Working data below:
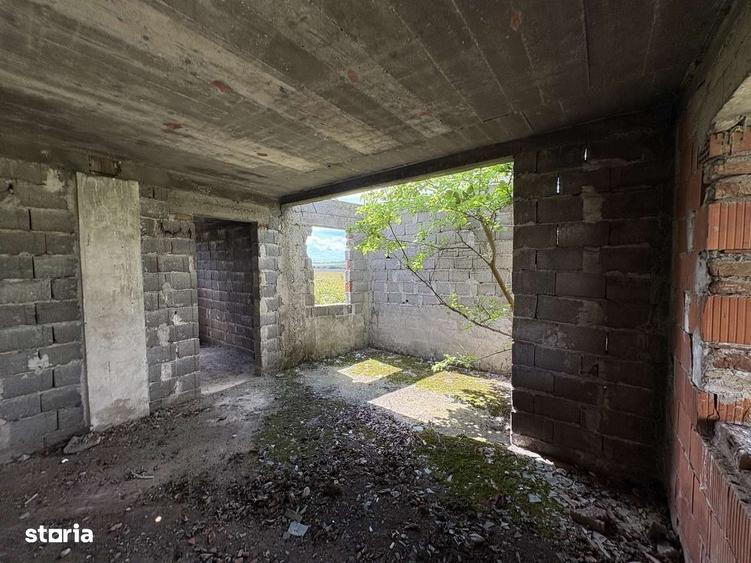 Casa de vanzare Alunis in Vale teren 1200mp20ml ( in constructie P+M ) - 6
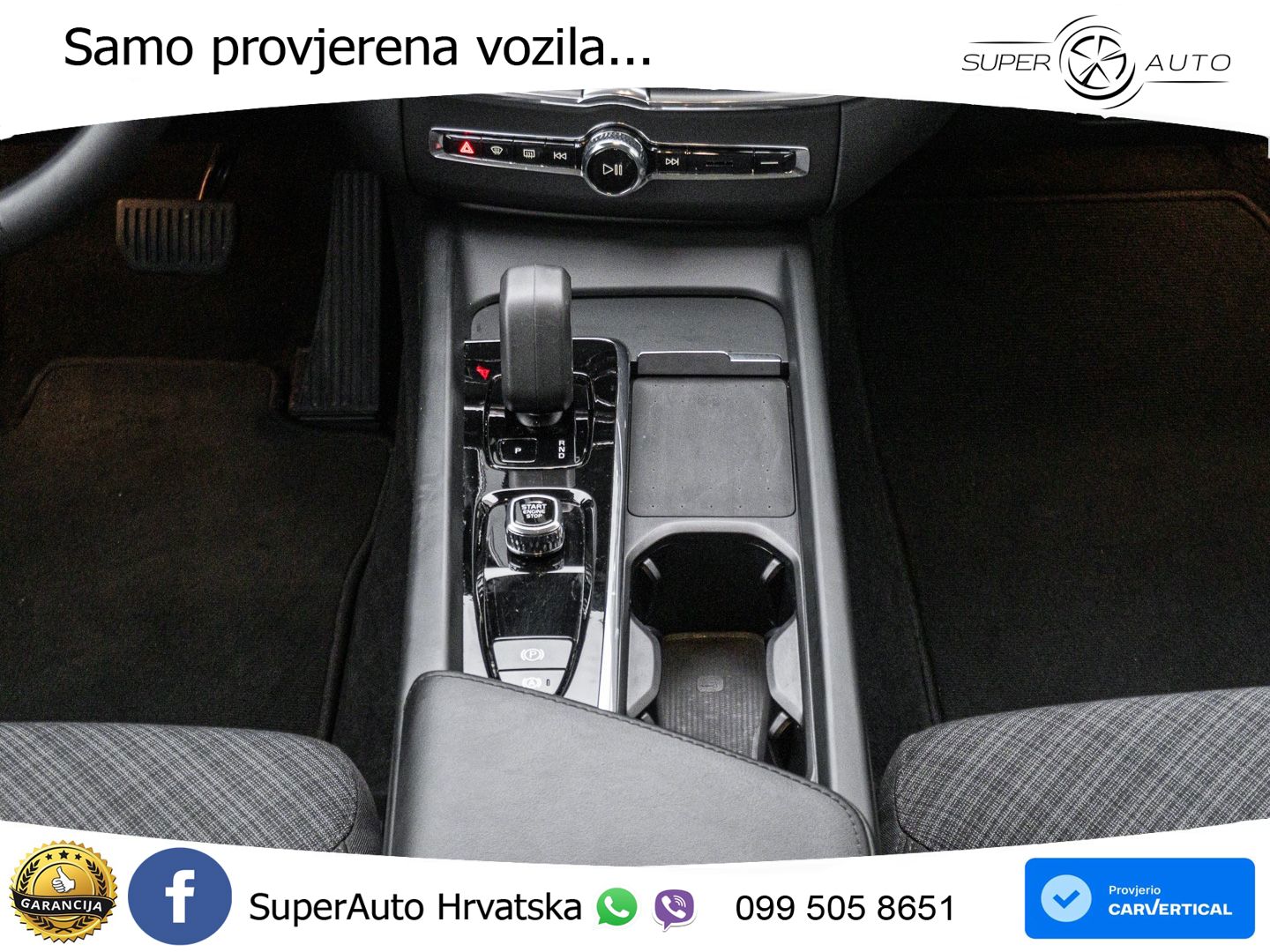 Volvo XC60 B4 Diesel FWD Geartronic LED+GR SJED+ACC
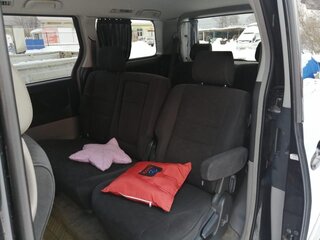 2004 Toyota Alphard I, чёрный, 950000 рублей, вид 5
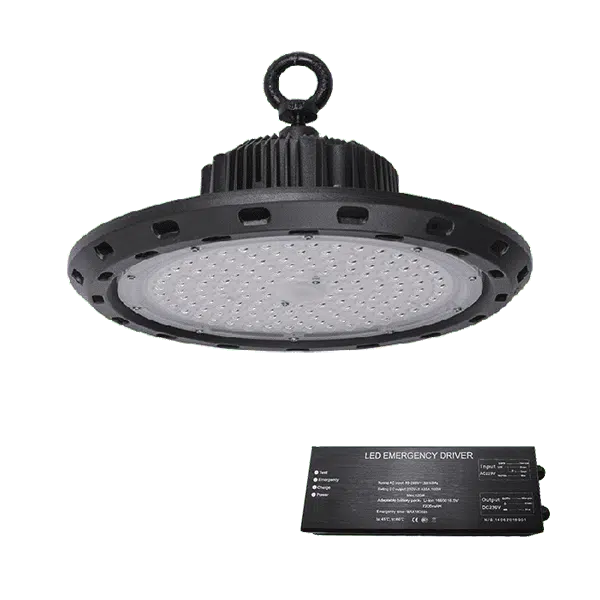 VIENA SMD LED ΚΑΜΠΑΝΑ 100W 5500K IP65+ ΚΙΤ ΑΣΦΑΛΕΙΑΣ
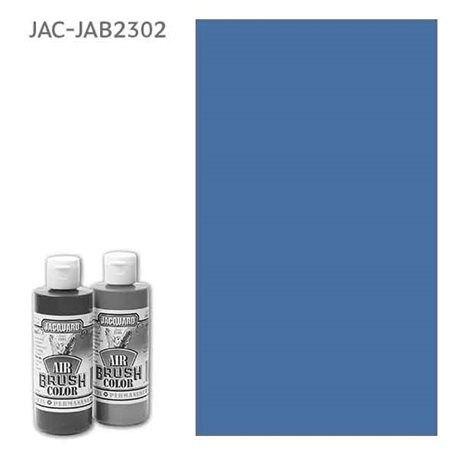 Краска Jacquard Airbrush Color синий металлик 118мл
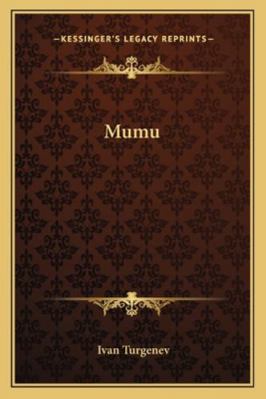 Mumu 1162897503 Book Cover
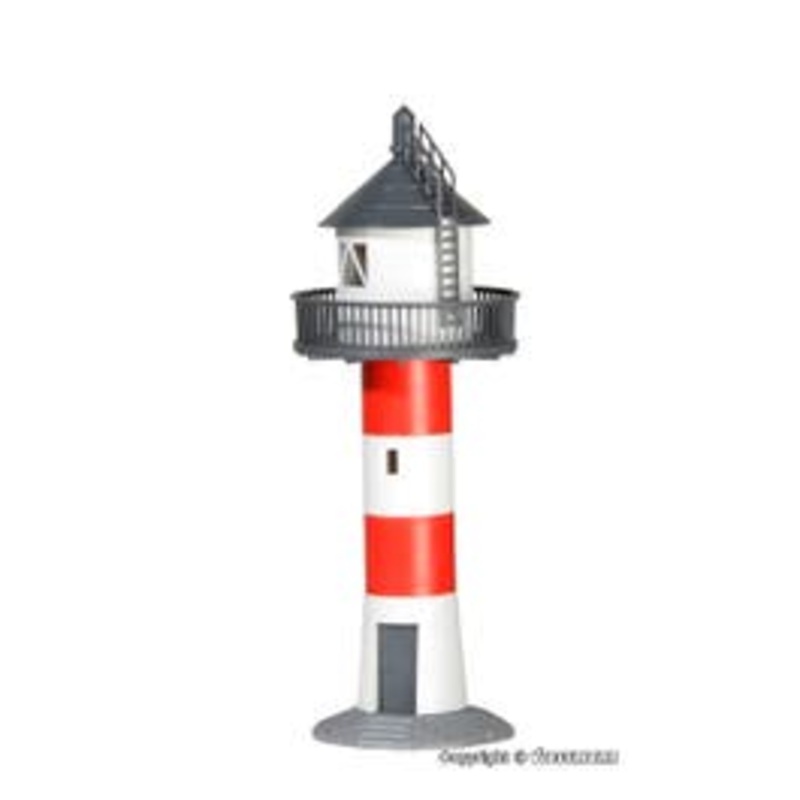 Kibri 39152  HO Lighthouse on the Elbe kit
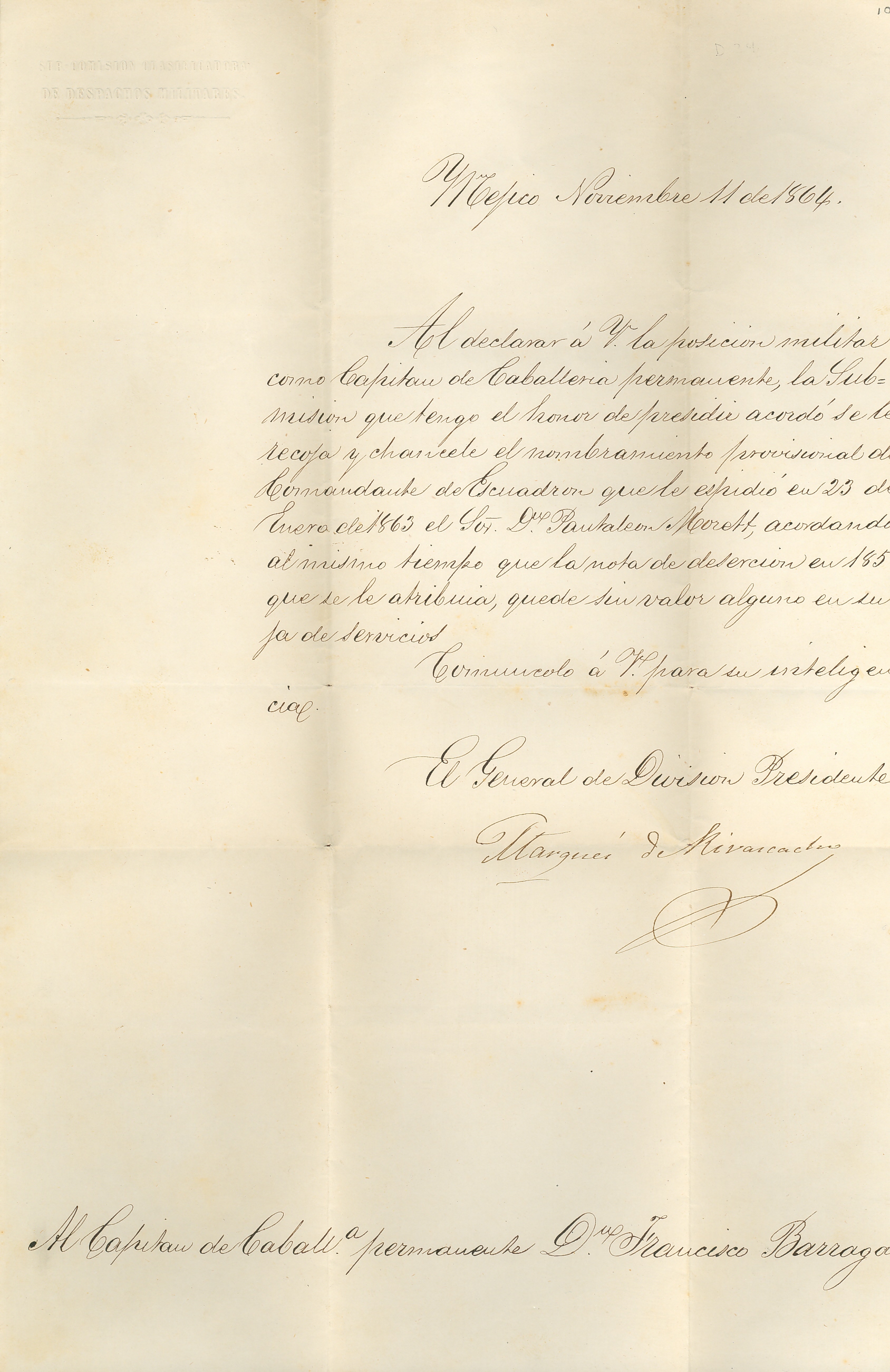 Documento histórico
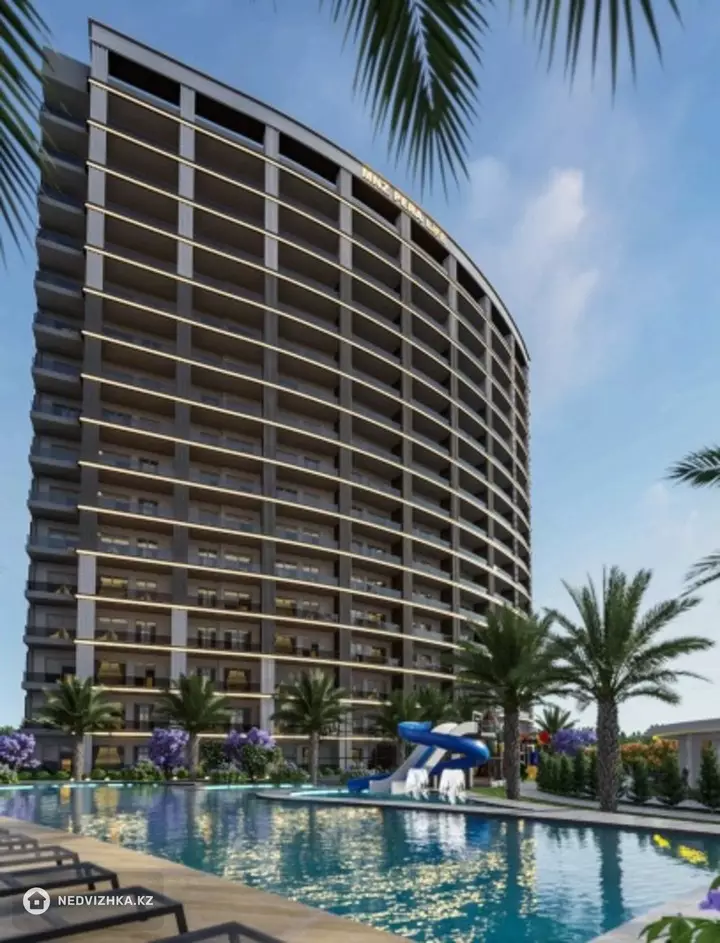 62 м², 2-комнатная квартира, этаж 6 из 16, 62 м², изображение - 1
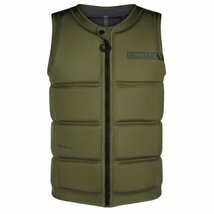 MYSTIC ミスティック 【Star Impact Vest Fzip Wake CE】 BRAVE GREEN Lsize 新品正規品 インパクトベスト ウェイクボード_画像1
End of Working data.
**Action item**
Could you return the whole listing exactly, with every picture removed?

**Result for this task**
 Casa de vanzare Alunis in Vale teren 1200mp20ml ( in constructie P+M ) - 6
 Volvo XC60 B4 Diesel FWD Geartronic LED+GR SJED+ACC
 2004 Toyota Alphard I, чёрный, 950000 рублей, вид 5
 VIENA SMD LED ΚΑΜΠΑΝΑ 100W 5500K IP65+ ΚΙΤ ΑΣΦΑΛΕΙΑΣ
 Краска Jacquard Airbrush Color синий металлик 118мл
 Mumu 1162897503 Book Cover
 Kibri 39152  HO Lighthouse on the Elbe kit
 Documento histórico
 62 м², 2-комнатная квартира, этаж 6 из 16, 62 м², изображение - 1
 MYSTIC ミスティック 【Star Impact Vest Fzip Wake CE】 BRAVE GREEN Lsize 新品正規品 インパクトベスト ウェイクボード_画像1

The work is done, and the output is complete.